La storia ricorda un po’ quella di chiunque, fino a un paio di settimane fa, volesse esprimere una posizione contro l’aberrazione del green pass: «premetto che sono vaccinato e credo ne #LaScienza» era il mantra. E, ora come allora, la premessa non serve affatto ad avvalorare la tesi proposta dal malcapitato di turno ma è più un tentativo di mitigare la reazione di parte avversa, di contenere la violenza di quelli che, ineluttabilmente dalla parte giusta, con la laurea in niente spiegavano, allora a medici e docenti di diritto e oggi ad esperti di geopolitica di chiara fama, che si sbagliano perché tutto quello che esula dalla narrazione imposta è complottismo, terrapiattismo, negazionismo, putinismo.

Peccato che, mentre al professore Orsini vengono richieste le premesse di cui sopra, altrove senatrici tuttologhe Licia Ronzulli siano libere di scorrazzare per le televisioni nazionali ciarlando di guerra e geopolitica ed affermando che «è inutile cercare le motivazioni della guerra in Ucraina nella storia». Una visione illuminante, quella della senatrice forzista, che in quanto posizionata dalla parte gradita al mainstream è libera di propinare ai telespettatori spaventose aberrazioni, senza che alcuno osi alzare il ditino per domandarle dall’alto di quali studi e con quali competenze affermi ciò che afferma.

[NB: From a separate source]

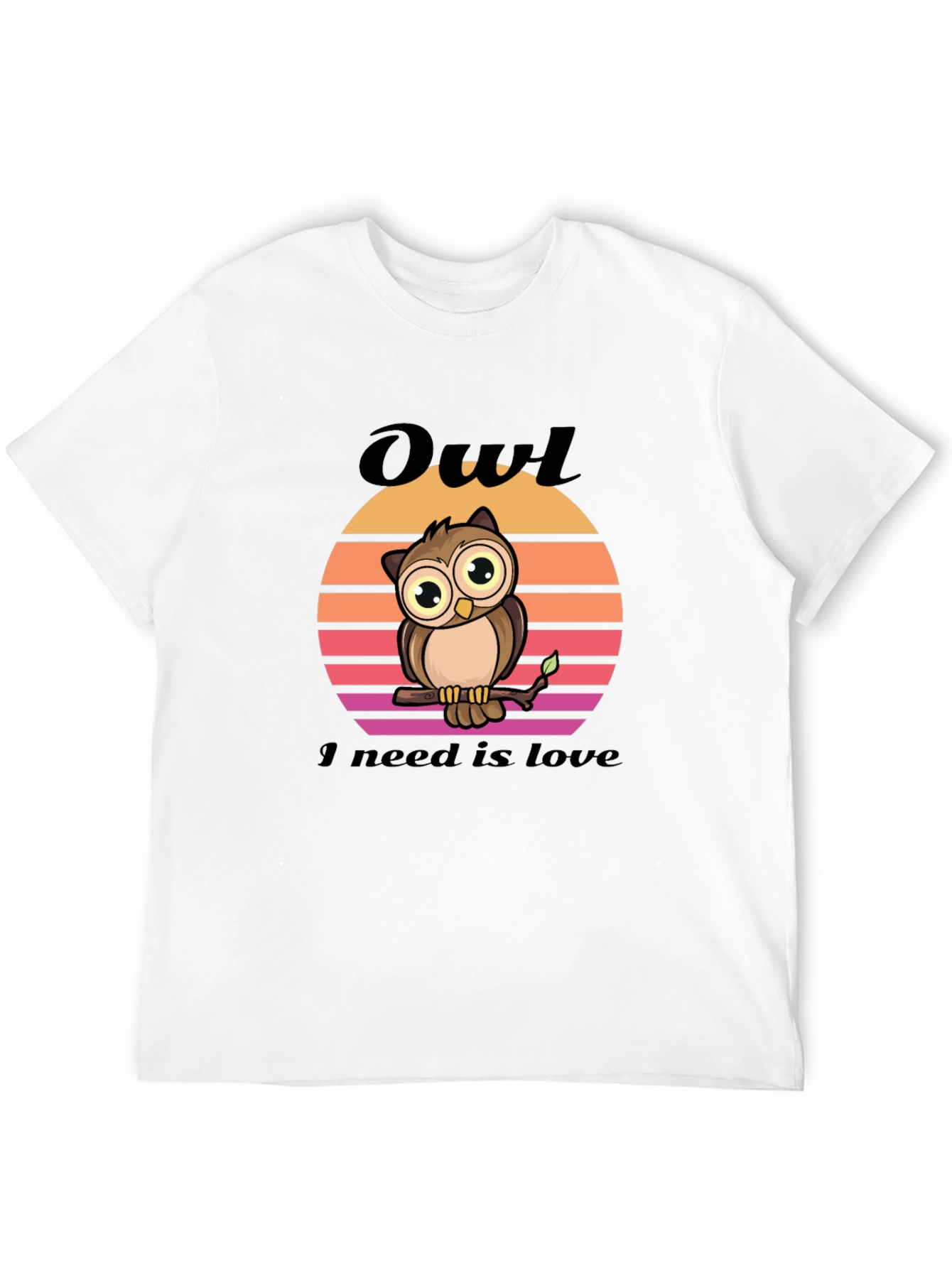 Owl Love Graphic Tee - Unisex Black T-Shirt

Dopotutto, stiamo affrontando una delle crisi geopolitiche più gravi di sempre avendo al comando della nostra diplomazia Giggino Di Maio, che forte delle sue competenze maturate nel corso dei suoi studi al Liceo Classico Vittorio Imbriani di Pomigliano D’Arco, dopo aver definito Putin peggio di un animale, sentenzia: «dobbiamo indebolire pesantemente Putin e l’economia russa. Ben venga il quarto pacchetto di sanzioni, che stanno avendo un impatto clamoroso. Praticamente quando dicono che pagano solo in rubli significa che c’è già stato il default. Quanto più li indeboliamo, tanto più Putin avrà difficoltà a sostenere guerre».

Non ha bisogno di premesse, Di Maio. Lui che, purtroppo, parla a nome di una intera nazione, può andare a ruota libera senza dover premettere alcunché e senza dover spiegare come sia pervenuto alla conclusione che «praticamente quando dicono che pagano solo in rubli significa che c’è già stato il default».

Non deve neppure spiegare se ha capito che non sta giocando a Risiko. Nessuno gli domanda come intenda far fronte ai disastri che le scelte sue e del governo di cui si fregia di far parte stanno già causando all’economia italiana e alle tasche dei cittadini già in ginocchio dopo due anni di restrizioni.

A chi sta dalla parte giusta non sono richieste premesse, non è richiesto di offrire prova della propria competenza, non è domandato, a ben vedere, neppure di pensare. Già, pensare. «Siamo pagati per pensare» ha sostenuto, visibilmente provato dalle pressioni subite, Orsini.

Una affermazione deflagrante e rivoluzionaria in un tempo in cui la verità ci viene servita ogni mattina, tostata e imburrata, e alla gente è richiesto solo di mandarla giù.

Pensare. Interrogarsi. Capire che la posta in palio è altissima, che questa non è una guerra in cui un pazzo cattivo ha invaso un paese pacifico e inerme ma è il punto di rottura di una lunghissima partita geopolitica il cui approdo era chiaro e prevedibile da tempo.

Pensare. Interrogarsi. Capire perché dopo otto anni di massacri in Donbass l’occidente si sia accorto solo oggi dei profughi e dei bambini morti.

Pensare. Interrogarsi. Capire chi può trarre vantaggio a costo zero dal protrarsi di un conflitto nel cuore dell’Europa.

Pensare. Interrogarsi. Capire.
Una vera rivoluzione, in un sistema che ti consente di parlare solo dopo le dovute premesse.